START RECORDED DATA
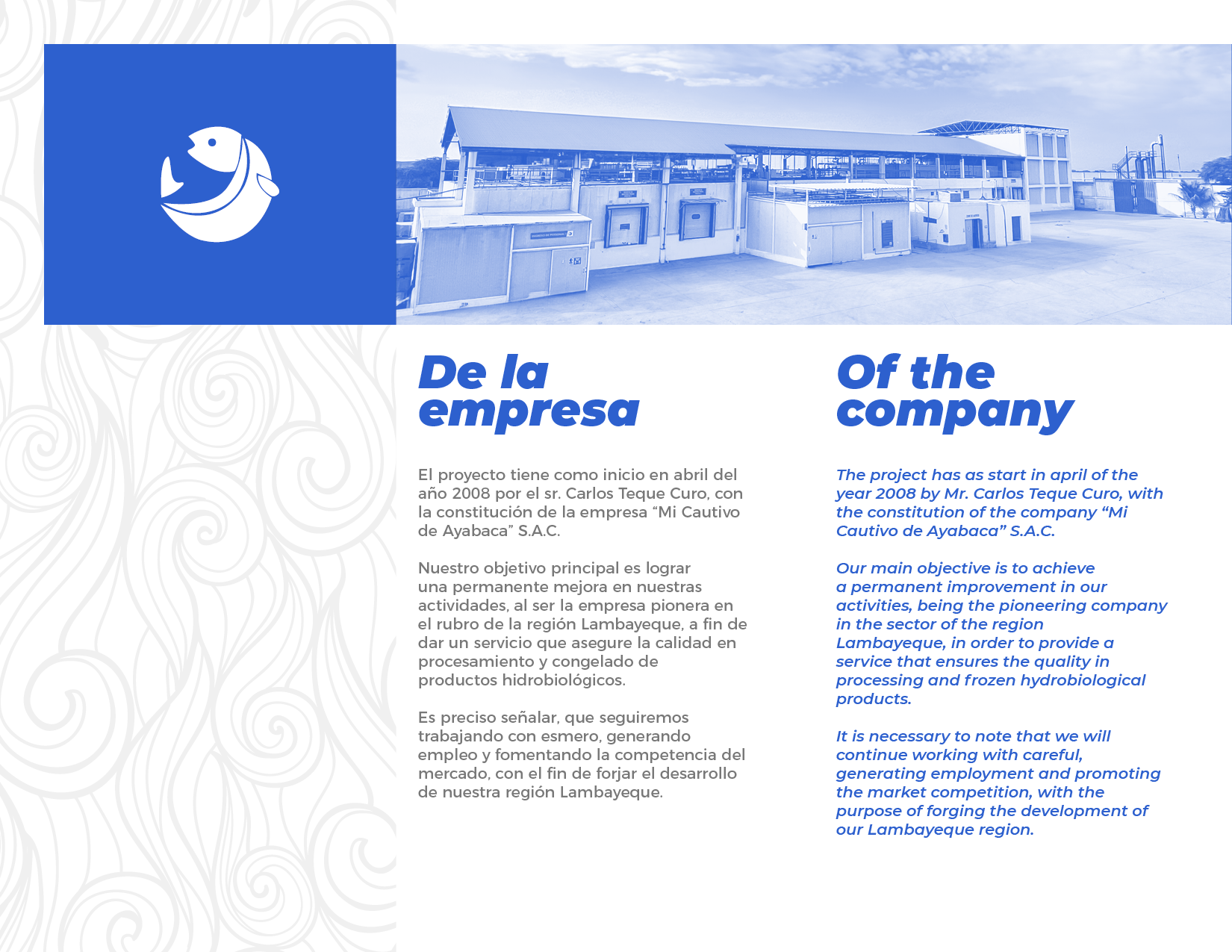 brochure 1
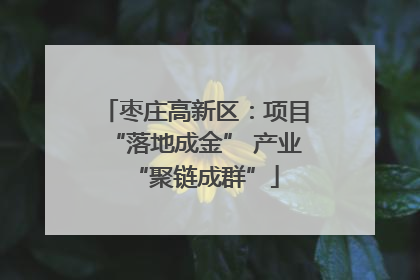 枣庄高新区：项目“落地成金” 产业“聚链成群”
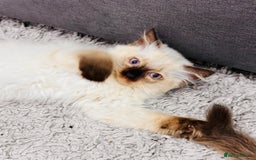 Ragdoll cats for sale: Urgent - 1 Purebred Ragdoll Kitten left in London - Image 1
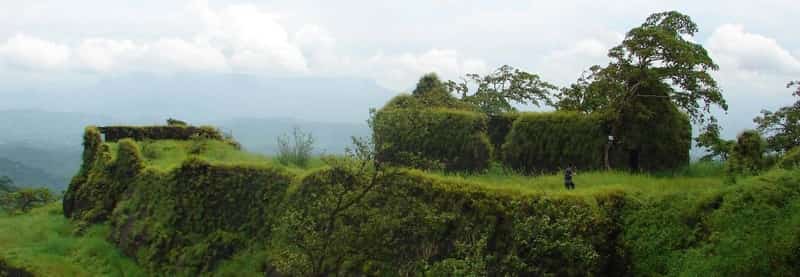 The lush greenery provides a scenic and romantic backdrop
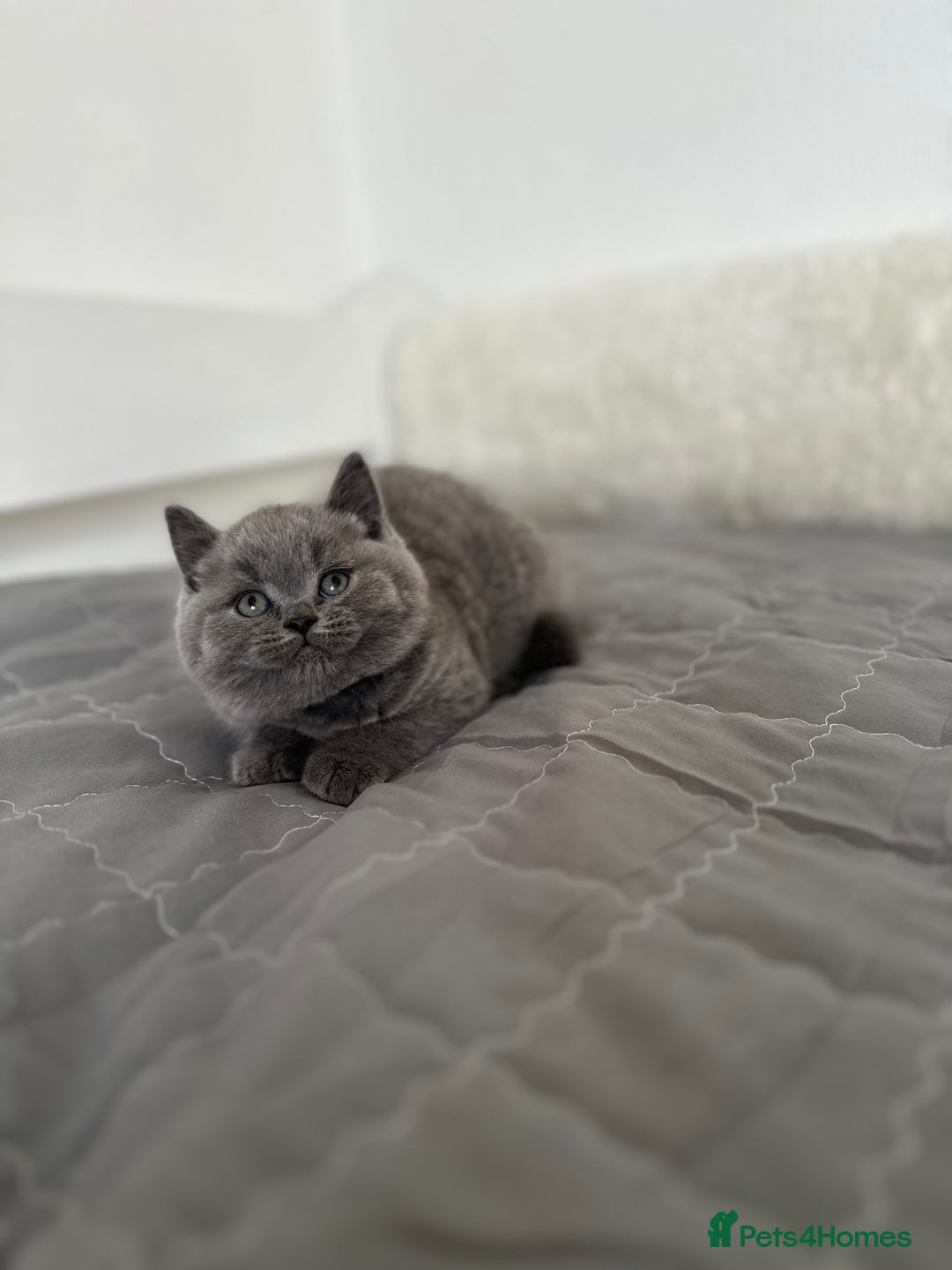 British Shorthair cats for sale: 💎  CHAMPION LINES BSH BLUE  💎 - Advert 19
END RECORDED DATA
## YOUR ASSIGNMENT
Produce a verbatim copy of all records, minus pictures.

## RESULT BELOW
 brochure 1
 枣庄高新区：项目“落地成金” 产业“聚链成群”
 Ragdoll cats for sale: Urgent - 1 Purebred Ragdoll Kitten left in London - Image 1
 The lush greenery provides a scenic and romantic backdrop
 British Shorthair cats for sale: 💎  CHAMPION LINES BSH BLUE  💎 - Advert 19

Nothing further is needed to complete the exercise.